(Image-text web data)
□ □ □ □ □

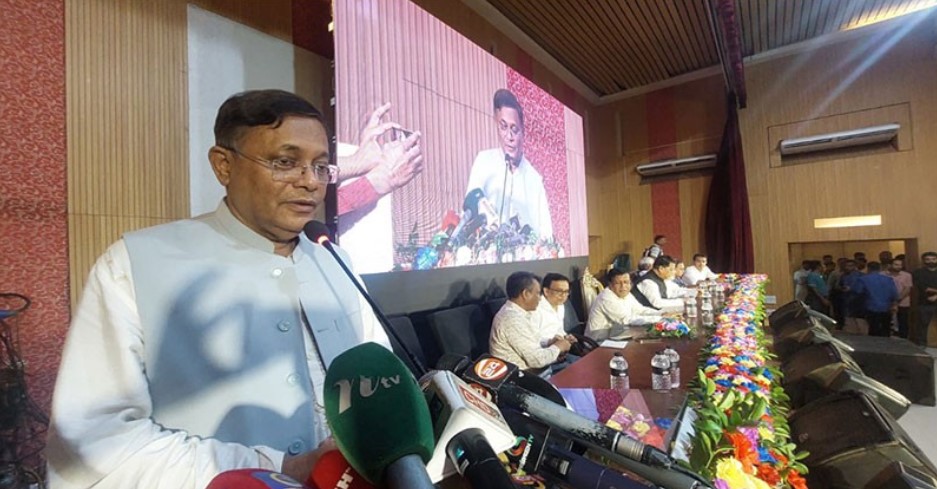 সবার সাথে দেশের সুসম্পর্ক দেখে বিএনপি’র গাত্রদাহ : পররাষ্ট্রমন্ত্রী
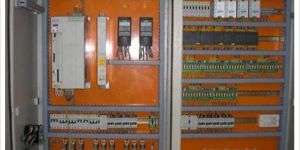AC DC Drive Panel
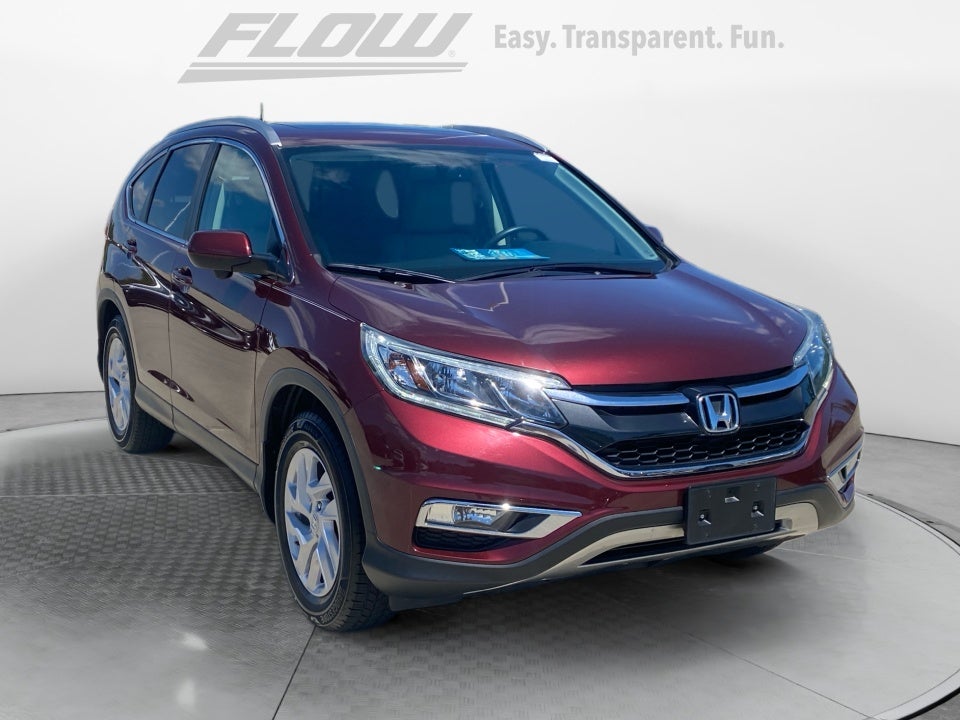 2016 Honda CR-V EX-L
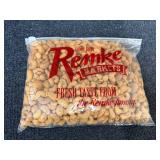 2Lb Bags Of Roasted Cashews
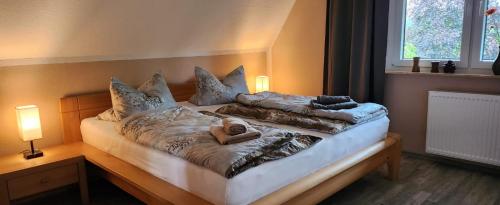 Ferienwohnung in Bräsen (Ferienwohnung in Brasen) in 科斯維格/安哈爾特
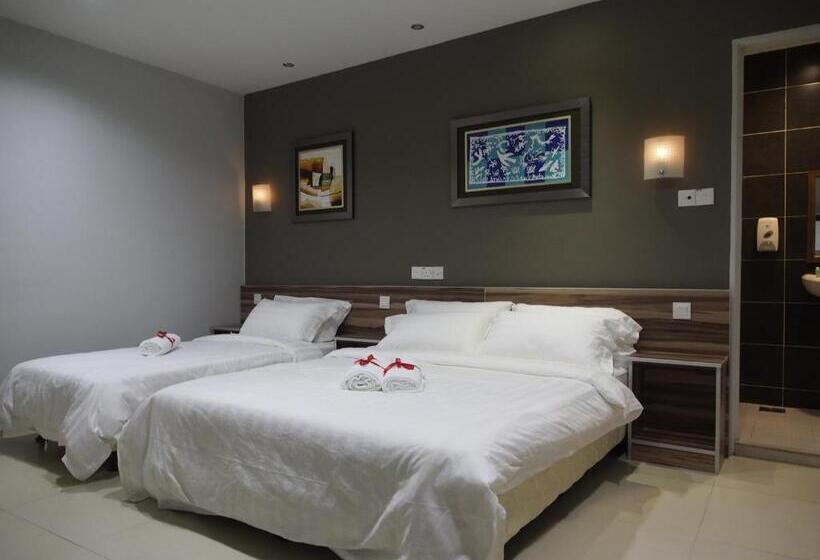 Трехместный Номер Superior, One Avenue Hotel, Balakong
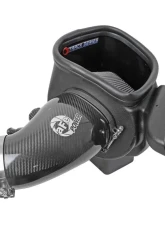 aFe Power Track Series Carbon Fiber Intake System w/ Pro DRY S Filter Dodge Durango | Jeep Grand Cherokee V8 6.4L 2012-2021                                     - 57-10014D - Image 3
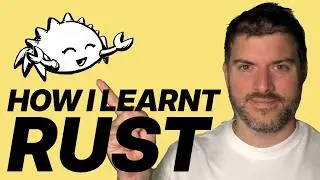 Learn Rust the Easy Way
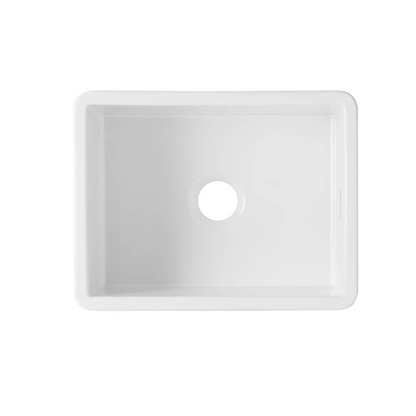 Turner Hastings Cuisine 60 x 46 Inset / Undermount Fine Fireclay Sink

□ □ □ □ □

EXERCISE PROMPT:
From the line containing "2Lb Bags Of Roasted Cashews" through the end of the entries, quote each line exactly and nothing else, excluding all pictures.

RESULT FOR THIS TASK:
 2Lb Bags Of Roasted Cashews
 Ferienwohnung in Bräsen (Ferienwohnung in Brasen) in 科斯維格/安哈爾特
 Трехместный Номер Superior, One Avenue Hotel, Balakong
 aFe Power Track Series Carbon Fiber Intake System w/ Pro DRY S Filter Dodge Durango | Jeep Grand Cherokee V8 6.4L 2012-2021                                     - 57-10014D - Image 3
 Learn Rust the Easy Way
 Turner Hastings Cuisine 60 x 46 Inset / Undermount Fine Fireclay Sink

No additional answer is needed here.